## Activity
Give back the whole listing verbatim, printing none of its pictures.
(Recorded information begins)
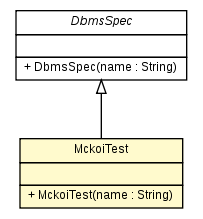 Package class diagram package MckoiTest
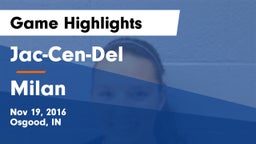 Jac-Cen-Del  vs Milan  Game Highlights - Nov 19, 2016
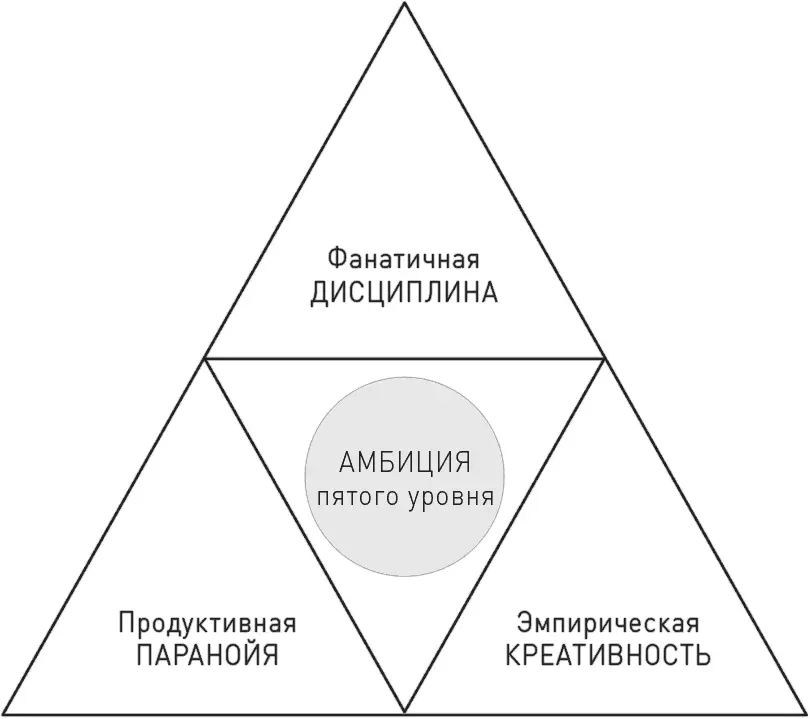 Фанатичная дисциплинаК концу 1990х Питер Льюис CEO 14компании Progressive - фото 4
(Recorded information ends)
## Output for this exercise
 Package class diagram package MckoiTest
 Jac-Cen-Del  vs Milan  Game Highlights - Nov 19, 2016
 Фанатичная дисциплинаК концу 1990х Питер Льюис CEO 14компании Progressive - фото 4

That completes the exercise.